Maxville Cemetery was started in 1818. The land was purchased from the Indians who gave possession in 1821. The burial ground was not large; only a northwest corner of the site with the original entry off Maxville Road. The first to be laid to rest was the infant of Robinson McIntire, who died August 18, 1824. There is a little small humble stone which marks the child's grave. The second person was known as "Granny Driver". The first documented tombstone was a marble slab erected to the memory of Joab McNees who died in 1833.
After a while the graveyard became too small and inadequate. Known burials continued until 1875 when the Woodlawn Cemetery was platted across the road to the north. Soon the grounds where neglected. The new Woodlawn Cemetery bought the old cemetery when it became overgrown with weeds. After the second church was removed in 1915, the last eight rows where plotted for burial. This section is often referred to as the "old church yard."
A Methodist Episcopal Church stood at the southwest corner of the grounds in the area now known as the "old church yard". A preaching point existed at "Sumwalt's" as early as 1822. A church building was constructed about 1838. It burned in 1847 along with all cemetery records. A new building was erected and dedicated in 1858. A belfry was added in 1907. Plans began for a new building in 1913. This structure, the current brick ediface, was built east across the road from the burial ground and dedicated on August 9, 1914. Much of the needed funding was provided by Martha F. Davis, the widow of Dr. Lewis Davis of Farmland, as a memorial to her husband. The old wooden church building was removed from the cemetery in 1915 and made into a house. It was destroyed by fire in 1925.

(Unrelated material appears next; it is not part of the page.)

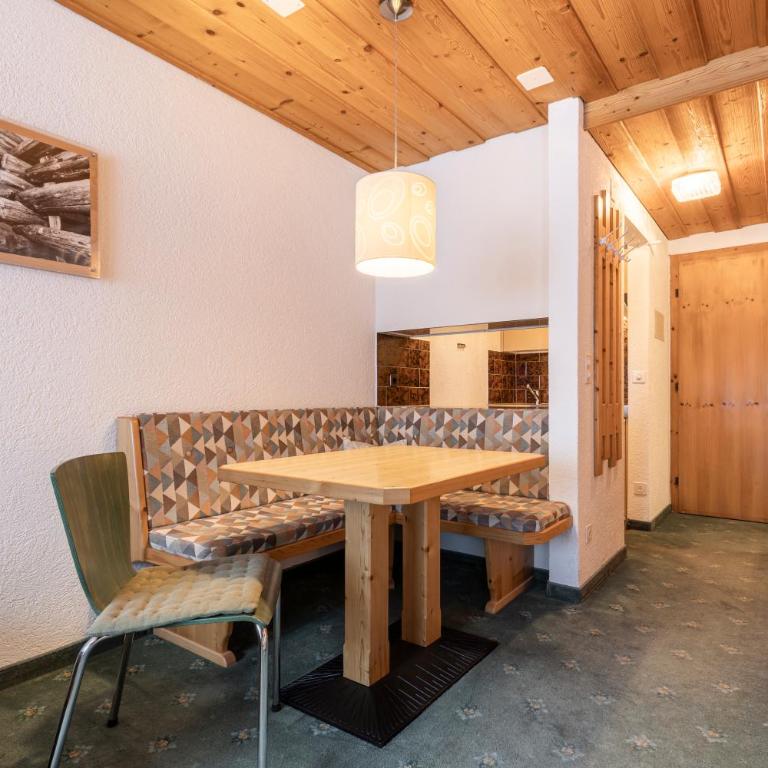 Atlantis Apartments by MEIN SAMNAUN - MOUNTAIN HOMES - Studio-Apartment - 4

The Methodist congregation disbanded about 1930, and the structure was sold in 1936. Since 1968, Maxville Community Church has used the building. (Name changed to Maxville Christian Church in the late 1980's).
The old Maxville Cemetery continues to be under the care of the Woodlawn Cemetery Association. The offical name of the entire grounds is Woodlawn Cemetery. However, locals often refer to the two cemeteries as "Maxville." The only record of burials in the original cemetery are taken from tombstone inscriptions. The exception is those burials in the area known as "the old church yard." In addition to record books for the "newer" Woodlawn portion, a set of books containing tombstone inscriptions from the entire grounds, both Maxville and Woodlawn, is available. These inscriptions where read in about the late 1970's or early 1980's.
The Woodlawn Cemetery is still in use and has had several additions over the years with the newest being behind the church to the east. It appears that the original grounds were closed for burials once the old church yard portion was filled. This is a beautiful and peaceful cemetery with many interesting tombstones.
CAUTION: THE PLOT / BURIAL RECORDS ARE KNOWN TO CONTAIN SOME ERRORS IN BURIAL DATES. CHECK THE RECORD AGAINST THE TOMBSTONE, IF ONE EXISTS. ONE OF THE EARLIEST BOOKS HAS SUFFERED FROM WATER DAMAGE AND CONTAINS MANY DAMAGED PAGES.
There is a full time Sexton living on site. An office building with cemetery records is located beside the church and behind the Sexton's house.
IMPORTANT UPDATE: MEMORIAL DAY 2013, a sign was placed between the church & house that read, "HOUSE AND CHURCH ARE NOT PART OF CEMETERY." This may indicate the sexton no longer resides here and that the office has been removed. The office door had contact phone numbers).